How To Price A Data Asset
๐ Abstract
The article discusses the challenges and principles of pricing data assets, drawing on the author's experience as the co-founder and chief data officer of a data marketplace. It covers key axioms of data value, implications for data pricing, and the impact of AI on data economics.
๐ Q&A
[01] Axioms of Data Value
1. What are the key axioms of data value discussed in the article?
- Data has no innate value - its value comes from what can be done with it
- Data value depends on the use case and the user
- Data is fundamentally additive, unlike software
- Data is rivalrous, not non-rival, as commonly believed
- Data assets have well-defined lifecycles from early adoption to becoming table stakes
- The marginal lift that data provides is what determines its value
2. How does the author explain the concept of data being rivalrous? The author argues that data is not truly non-rival, as commonly believed. Even though data can be easily duplicated, the value of data lies in what can be done with it. If a dataset holds unpriced information content, only one party can act on it profitably before the opportunity goes away.
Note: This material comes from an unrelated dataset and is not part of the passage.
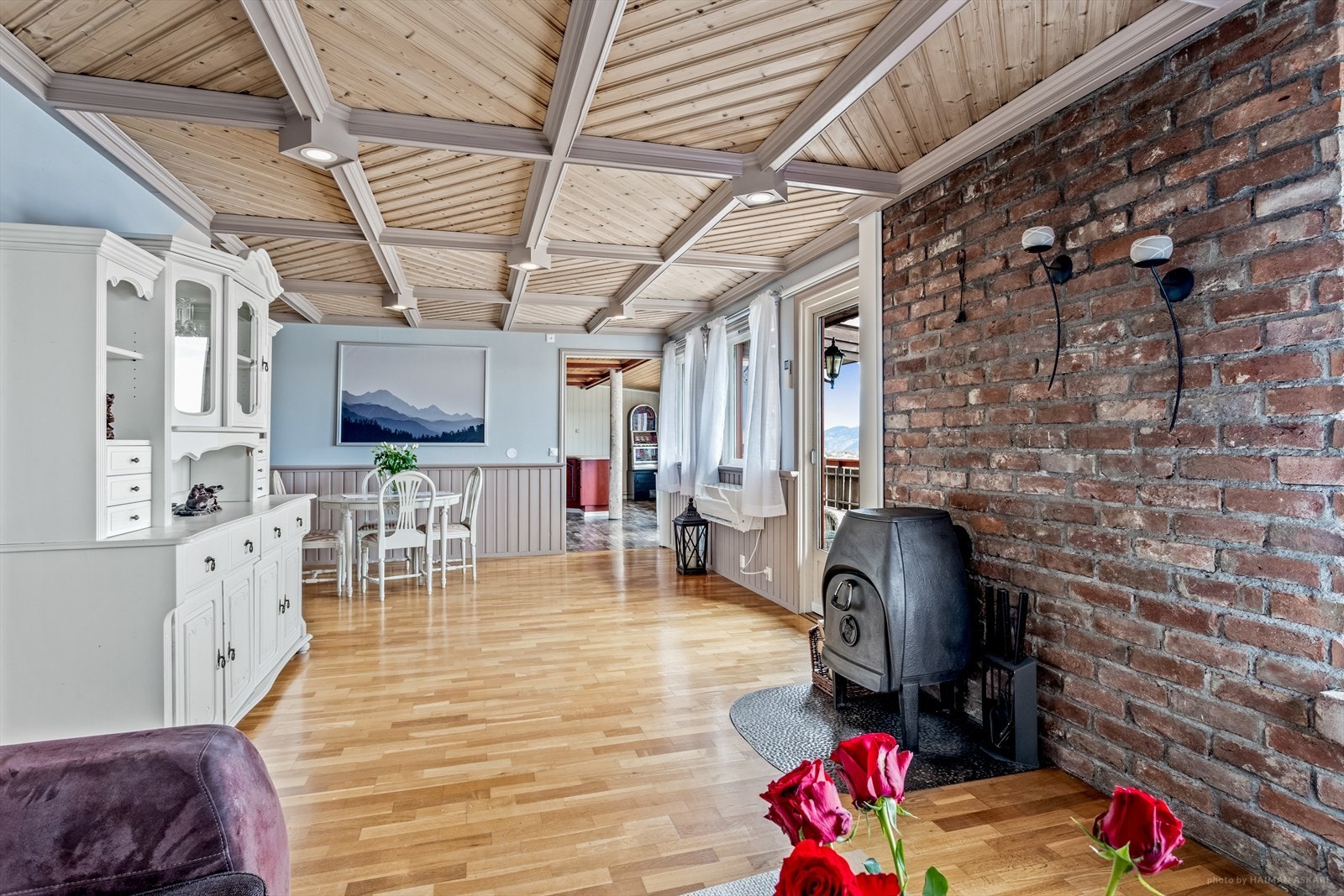 Montert vedovn i stue. Galleribilde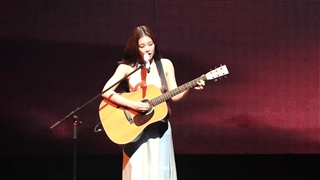 اجرای جنی  با اهنگ Best Part در  PRIVATE STAGE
Data owners often try to keep valuable datasets exclusive and protected, which wouldn't happen if data were truly non-rival.
3. What are the different stages of the data asset lifecycle described in the article?
- Early stage: Dataset and market are immature, with little value and few transactions.
- Early adopter stage: Dataset provides an "alpha" or edge, but to a narrow audience.
- Decay stage: Substitutes proliferate, and the dataset's alpha advantage decays.
- Table stakes stage: Dataset becomes essential, with widespread usage and higher prices.
[02] Implications for Data Pricing
1. Why is unique/proprietary data so valuable according to the article? Unique data is universally additive, can be combined with existing datasets to increase utility, and the data owner can control its lifecycle to maximize value. If a unique dataset becomes table stakes, the owner has monopoly power to collect a "tax" on an entire industry.
2. How does the author explain the concept of "functional substitutes" for data? Functional substitutes are completely different datasets that offer similar insights or value. For example, foot traffic data, email receipts, and credit card transactions can all provide insights into consumer purchasing behavior. These functionally substitute datasets compete with each other, even though they are very different in nature.
3. Why do traditional software pricing models often fail for data products? Traditional models like pricing by seat, feature, or raw volume don't work well for data, as data value doesn't scale linearly with these factors. The author suggests alternative approaches like pricing by structured volume, quality, access, use case, customer scale, or business unit.
4. How can wrapping data in software or services help with data pricing? Wrapping data into a software application or service allows the data owner to better link the data's value to the value delivered, and enables the use of traditional software pricing models like per-seat or per-action. This can make data pricing more effective.
5. How does the author describe the importance of data quality for pricing? Data quality is multi-dimensional, with different attributes like accuracy, coverage, structure, and annotations being more important for different use cases (e.g. finance, advertising, AI). Data owners can price-discriminate based on these quality factors, and can also improve quality to boost data value.
[03] Impact of AI on Data Economics
1. How does the author describe the importance of data quantity for AI use cases? For AI training, quantity of data often matters more than quality. There seems to be no upper limit to how much better models become with more training data, even if the additional data is "good enough" rather than high-quality. This shifts the balance towards data quantity over quality for AI applications.
2. How does the author suggest data owners can address the challenge of one-time AI training data usage? The author suggests that building a "data flywheel" - a perpetual data machine that generates or captures a steady stream of new data - can help create recurring revenue opportunities. Synthetic data pipelines are also seen as a way to generate unlimited high-quality training data at lower costs.
3. How does the author explain the concept of "legibility" and its impact on data market size? The more legible a dataset is, meaning the easier it is to objectively compute its ROI, the larger its potential market. Legible datasets tend to have more customers, higher prices, and lower acquisition costs. The author suggests AI training data may need to reach a similar level of legibility as finance and advertising data to unlock large markets.